What is being asked:
Find the line holding "Used 2016 Buick Encore Convenience image 17" in the entries below. Give it again exactly, along with every line after it up to and including the line holding "Męskie regulowane buty".

Data listing:
· · · ·
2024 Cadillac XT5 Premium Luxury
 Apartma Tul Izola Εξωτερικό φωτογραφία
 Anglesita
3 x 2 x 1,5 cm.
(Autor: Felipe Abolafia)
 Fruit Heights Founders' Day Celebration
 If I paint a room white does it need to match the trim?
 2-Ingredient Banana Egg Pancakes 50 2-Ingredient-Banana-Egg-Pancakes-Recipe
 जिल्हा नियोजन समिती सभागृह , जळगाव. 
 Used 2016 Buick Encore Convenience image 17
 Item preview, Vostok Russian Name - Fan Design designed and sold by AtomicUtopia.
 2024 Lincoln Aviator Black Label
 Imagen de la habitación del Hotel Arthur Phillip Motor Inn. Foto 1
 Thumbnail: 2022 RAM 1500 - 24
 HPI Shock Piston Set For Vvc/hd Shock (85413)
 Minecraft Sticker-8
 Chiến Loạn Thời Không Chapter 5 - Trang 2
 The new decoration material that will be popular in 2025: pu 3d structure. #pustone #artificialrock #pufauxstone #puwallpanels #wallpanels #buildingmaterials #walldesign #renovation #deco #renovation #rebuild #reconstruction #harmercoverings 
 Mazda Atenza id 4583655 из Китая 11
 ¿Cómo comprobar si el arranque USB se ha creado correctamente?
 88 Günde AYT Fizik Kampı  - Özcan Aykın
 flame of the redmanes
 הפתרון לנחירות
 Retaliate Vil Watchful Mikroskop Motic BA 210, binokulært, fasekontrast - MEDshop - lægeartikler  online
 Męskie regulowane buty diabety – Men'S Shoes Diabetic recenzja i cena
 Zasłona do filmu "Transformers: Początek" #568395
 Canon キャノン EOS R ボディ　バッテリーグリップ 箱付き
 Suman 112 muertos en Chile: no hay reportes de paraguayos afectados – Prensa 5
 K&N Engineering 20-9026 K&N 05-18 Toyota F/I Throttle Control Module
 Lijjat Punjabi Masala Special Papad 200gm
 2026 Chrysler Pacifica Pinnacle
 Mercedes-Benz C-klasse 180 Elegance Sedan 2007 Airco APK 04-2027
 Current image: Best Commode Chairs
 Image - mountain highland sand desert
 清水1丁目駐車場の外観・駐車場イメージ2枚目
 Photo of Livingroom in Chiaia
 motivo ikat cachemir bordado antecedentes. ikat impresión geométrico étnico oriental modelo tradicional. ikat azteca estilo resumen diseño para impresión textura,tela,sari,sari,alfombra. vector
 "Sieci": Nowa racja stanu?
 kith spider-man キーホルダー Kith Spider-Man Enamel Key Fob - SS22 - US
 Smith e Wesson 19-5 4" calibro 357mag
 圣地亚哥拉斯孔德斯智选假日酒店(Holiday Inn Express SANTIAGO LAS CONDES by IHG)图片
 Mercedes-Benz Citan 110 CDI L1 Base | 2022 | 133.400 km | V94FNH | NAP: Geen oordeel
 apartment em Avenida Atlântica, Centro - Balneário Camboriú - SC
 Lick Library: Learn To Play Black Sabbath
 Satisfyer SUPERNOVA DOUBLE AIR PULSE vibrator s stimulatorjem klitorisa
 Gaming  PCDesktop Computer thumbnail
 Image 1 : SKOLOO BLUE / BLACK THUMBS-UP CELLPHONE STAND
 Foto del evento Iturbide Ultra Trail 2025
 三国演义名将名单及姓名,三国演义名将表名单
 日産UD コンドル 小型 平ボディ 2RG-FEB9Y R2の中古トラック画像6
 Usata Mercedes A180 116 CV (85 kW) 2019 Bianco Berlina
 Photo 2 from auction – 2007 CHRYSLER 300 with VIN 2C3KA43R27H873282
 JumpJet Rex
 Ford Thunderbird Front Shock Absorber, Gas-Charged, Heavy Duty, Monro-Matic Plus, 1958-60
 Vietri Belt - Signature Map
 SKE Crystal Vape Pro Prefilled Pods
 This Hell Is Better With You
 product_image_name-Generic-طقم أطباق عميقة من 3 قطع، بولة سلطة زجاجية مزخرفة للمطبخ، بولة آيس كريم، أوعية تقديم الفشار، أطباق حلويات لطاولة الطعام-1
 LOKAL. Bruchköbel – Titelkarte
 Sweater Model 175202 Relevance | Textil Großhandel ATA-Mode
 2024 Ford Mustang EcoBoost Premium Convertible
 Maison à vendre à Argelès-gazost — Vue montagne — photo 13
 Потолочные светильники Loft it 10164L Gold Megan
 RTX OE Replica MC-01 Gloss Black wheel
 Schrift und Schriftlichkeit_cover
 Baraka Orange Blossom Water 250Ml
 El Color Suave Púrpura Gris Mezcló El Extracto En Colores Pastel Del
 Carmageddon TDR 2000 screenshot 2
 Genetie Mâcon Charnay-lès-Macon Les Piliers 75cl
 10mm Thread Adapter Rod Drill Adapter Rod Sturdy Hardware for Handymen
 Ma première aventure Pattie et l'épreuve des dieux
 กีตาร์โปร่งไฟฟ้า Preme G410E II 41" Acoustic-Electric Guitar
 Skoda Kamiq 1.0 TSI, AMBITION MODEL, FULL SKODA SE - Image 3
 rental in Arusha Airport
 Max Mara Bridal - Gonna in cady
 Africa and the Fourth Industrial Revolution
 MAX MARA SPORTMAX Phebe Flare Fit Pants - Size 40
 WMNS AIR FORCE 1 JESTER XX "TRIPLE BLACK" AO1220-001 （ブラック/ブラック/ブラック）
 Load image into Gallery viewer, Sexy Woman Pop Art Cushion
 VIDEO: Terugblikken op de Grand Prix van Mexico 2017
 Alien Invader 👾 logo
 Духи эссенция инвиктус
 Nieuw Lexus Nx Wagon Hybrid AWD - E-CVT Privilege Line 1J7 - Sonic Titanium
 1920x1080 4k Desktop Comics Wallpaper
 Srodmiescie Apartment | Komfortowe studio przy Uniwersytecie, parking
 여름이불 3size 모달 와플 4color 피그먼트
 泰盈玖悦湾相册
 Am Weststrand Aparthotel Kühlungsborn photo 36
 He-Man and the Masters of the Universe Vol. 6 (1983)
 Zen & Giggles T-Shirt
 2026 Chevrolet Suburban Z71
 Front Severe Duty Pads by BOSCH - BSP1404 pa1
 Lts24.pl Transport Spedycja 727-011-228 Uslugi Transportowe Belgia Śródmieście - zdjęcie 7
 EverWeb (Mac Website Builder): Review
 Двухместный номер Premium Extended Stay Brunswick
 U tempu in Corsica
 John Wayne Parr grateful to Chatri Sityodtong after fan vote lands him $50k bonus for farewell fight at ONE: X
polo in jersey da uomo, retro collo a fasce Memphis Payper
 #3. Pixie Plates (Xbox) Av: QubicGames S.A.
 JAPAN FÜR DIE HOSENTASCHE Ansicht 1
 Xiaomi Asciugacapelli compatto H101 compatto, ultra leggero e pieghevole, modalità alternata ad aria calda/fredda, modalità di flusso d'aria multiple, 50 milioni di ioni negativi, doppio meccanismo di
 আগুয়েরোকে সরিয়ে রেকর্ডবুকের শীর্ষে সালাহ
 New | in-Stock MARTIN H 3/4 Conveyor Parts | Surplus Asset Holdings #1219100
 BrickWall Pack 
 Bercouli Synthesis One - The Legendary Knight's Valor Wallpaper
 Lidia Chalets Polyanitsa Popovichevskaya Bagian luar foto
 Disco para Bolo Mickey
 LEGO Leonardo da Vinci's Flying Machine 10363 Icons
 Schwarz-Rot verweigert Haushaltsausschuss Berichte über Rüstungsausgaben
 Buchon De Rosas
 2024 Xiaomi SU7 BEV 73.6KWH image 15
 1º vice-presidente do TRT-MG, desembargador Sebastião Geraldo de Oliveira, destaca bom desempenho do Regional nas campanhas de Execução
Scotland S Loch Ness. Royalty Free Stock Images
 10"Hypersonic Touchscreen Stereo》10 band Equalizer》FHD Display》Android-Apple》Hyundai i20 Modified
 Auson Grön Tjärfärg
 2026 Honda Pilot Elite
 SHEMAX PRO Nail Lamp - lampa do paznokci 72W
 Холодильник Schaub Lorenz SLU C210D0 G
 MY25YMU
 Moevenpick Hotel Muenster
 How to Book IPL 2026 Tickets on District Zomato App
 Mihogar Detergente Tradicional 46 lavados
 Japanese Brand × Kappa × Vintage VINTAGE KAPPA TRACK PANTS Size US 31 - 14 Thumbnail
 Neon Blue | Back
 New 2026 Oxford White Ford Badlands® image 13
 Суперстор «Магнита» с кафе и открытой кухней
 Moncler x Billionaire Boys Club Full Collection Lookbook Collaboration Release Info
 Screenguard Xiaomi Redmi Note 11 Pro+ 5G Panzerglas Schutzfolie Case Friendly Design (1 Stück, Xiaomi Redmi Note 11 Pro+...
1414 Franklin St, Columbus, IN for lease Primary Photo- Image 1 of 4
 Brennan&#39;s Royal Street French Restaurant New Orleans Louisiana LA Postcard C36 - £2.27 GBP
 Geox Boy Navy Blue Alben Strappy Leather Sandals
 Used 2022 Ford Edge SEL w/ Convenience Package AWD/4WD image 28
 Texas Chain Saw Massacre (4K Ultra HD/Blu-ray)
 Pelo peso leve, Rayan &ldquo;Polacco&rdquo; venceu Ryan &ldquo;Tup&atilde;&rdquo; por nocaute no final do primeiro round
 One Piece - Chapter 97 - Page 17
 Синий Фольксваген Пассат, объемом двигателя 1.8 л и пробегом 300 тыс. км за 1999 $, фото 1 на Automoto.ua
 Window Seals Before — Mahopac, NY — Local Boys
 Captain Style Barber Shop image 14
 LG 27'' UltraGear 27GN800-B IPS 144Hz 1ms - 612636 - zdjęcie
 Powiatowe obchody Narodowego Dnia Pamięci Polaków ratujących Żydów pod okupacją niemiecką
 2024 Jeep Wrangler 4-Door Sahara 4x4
· · · ·
Written answer:
 Used 2016 Buick Encore Convenience image 17
 Item preview, Vostok Russian Name - Fan Design designed and sold by AtomicUtopia.
 2024 Lincoln Aviator Black Label
 Imagen de la habitación del Hotel Arthur Phillip Motor Inn. Foto 1
 Thumbnail: 2022 RAM 1500 - 24
 HPI Shock Piston Set For Vvc/hd Shock (85413)
 Minecraft Sticker-8
 Chiến Loạn Thời Không Chapter 5 - Trang 2
 The new decoration material that will be popular in 2025: pu 3d structure. #pustone #artificialrock #pufauxstone #puwallpanels #wallpanels #buildingmaterials #walldesign #renovation #deco #renovation #rebuild #reconstruction #harmercoverings 
 Mazda Atenza id 4583655 из Китая 11
 ¿Cómo comprobar si el arranque USB se ha creado correctamente?
 88 Günde AYT Fizik Kampı  - Özcan Aykın
 flame of the redmanes
 הפתרון לנחירות
 Retaliate Vil Watchful Mikroskop Motic BA 210, binokulært, fasekontrast - MEDshop - lægeartikler  online
 Męskie regulowane buty diabety – Men'S Shoes Diabetic recenzja i cena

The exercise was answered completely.